University and College Union General Secretary, Sally Hunt, released a statement warning that such cuts would be counter-productive: “investment in further and higher education benefits society, offers a great return for the taxpayer and should continue to be a major priority for government”.
According to education leaders, although more young people are continuing education than ever before, this trend is at risk if funding is cut by the proposed 33%.
Speaking on the issue, UUEAS Postgraduate Education Officer, Liam McCafferty said: “College cuts are pernicious, because they hit the poorest hardest. The fact that the government hasn’t ruled out further cuts to colleges are therefore terrifying, and will make it even harder for young people in North Norfolk to get the skills they need to get employment or access Higher Education”.

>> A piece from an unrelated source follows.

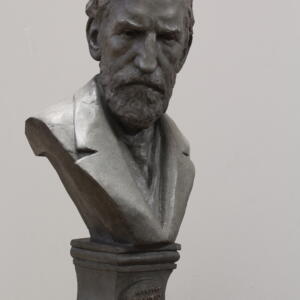 Maudie Brady [NM] : Portrait bust of Augustus Saint-Gaudens (1848-1907) [RA ca.1877-1907], 2022.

With only six months to go until the general election, the Chancellor’s announcement may prove to be key when students decide who to vote for come 7th May. Prime Minister David Cameron said in a recent statement that most of the recent cuts have achieved their economic aims. However, the uncertainty surrounding higher education is likely to be one of the most important issues for both local Norwich candidates and national political parties over the coming months.